Scott #: 2055
India Post issued this stamp to commemorate the tercentenary (300th anniversary) of the raising of the 9th Battalion of Madras Regiment.
A dramatic and virtually unknown past, in an area of bucolic calm surrounded by spectacular hills: that is Colachel, a name that should be better known to us. For this is where, in 1741, an extraordinary event took place the Battle of Colachel. For the first, and perhaps the only time in Indian history, an Indian kingdom defeated a European naval force.
The Battle of Colachel (or Battle of Kulachal) was fought on July 1741 between forces of the Indian kingdom of Travancore and the Dutch East India Company, during the Travancore-Dutch War. It was the first major defeat of a European military force by one from South Asia. The Dutch never recovered from the defeat and no longer posed a large colonial threat to India, assisting the British East India Company's eventual rise to dominance on the subcontinent.

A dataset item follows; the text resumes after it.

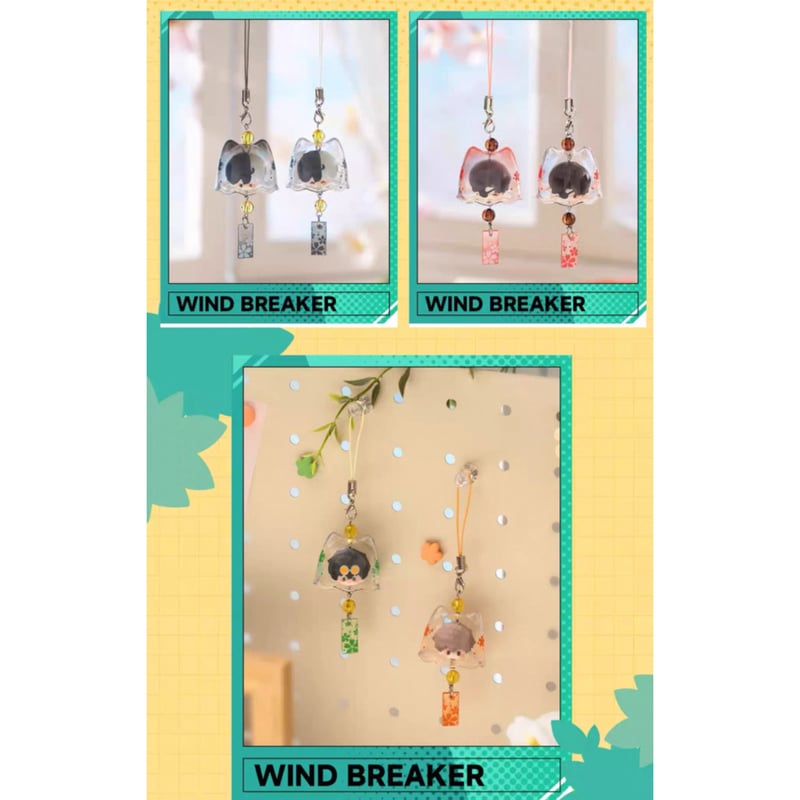 WIND BREAKER × 玩点無限】ウィンブレ 中国限定発売 風鈴 ミニ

The battle began when a force of Dutch marines under the leadership of a Flemish commander, Captain Eustachius De Lannoy (also spelt D'lennoy) were sent to Travancore to secure a trading post from the Raja. They landed with artillery in Kulachal, then a small but important coastal town, and captured the territory up to Padmanabhapuram, then the capital of Travancore. The arrival of the Raja's army from the north forced the Dutch to take up defensive positions in Kulachal, where they were attacked and defeated by the Travancore Nair Army. The key element of the Raja's army was his personal army, known as the Travancore Nair Brigade or locally known as the Nair Pattalam. This unit was later integrated into the Indian Army as the 9th Battalion Madras Regiment and the 16th Battalion Madras Regiment in 1954.
In order to commemorate this great victory of the Travancore Army over the Dutch at Colachel, the Travancore Government installed the Colachel Pillar (can also be seen in the stamp) at the very spot where the Dutch had capitulated to the Maharaja of Travancore. The Colachel Pillar stands 17 feet high and has a radius of four feet. It has conch at the top of the pillar and on its base the following words are inscribed in memory of the fallen brethren during the battle :- “In remembrance of all the brave men of Travancore Army who laid down their lives in defeating the superior Dutch forces during the Battle of Colachel in July 1741”.
After the defeat, Commander D'lennoy went on to serve King Marthanda Varma for the next two decades and was promoted to the post of the Valiya kappithan (Senior Admiral) of the Travancore forces same status like a Nair lord.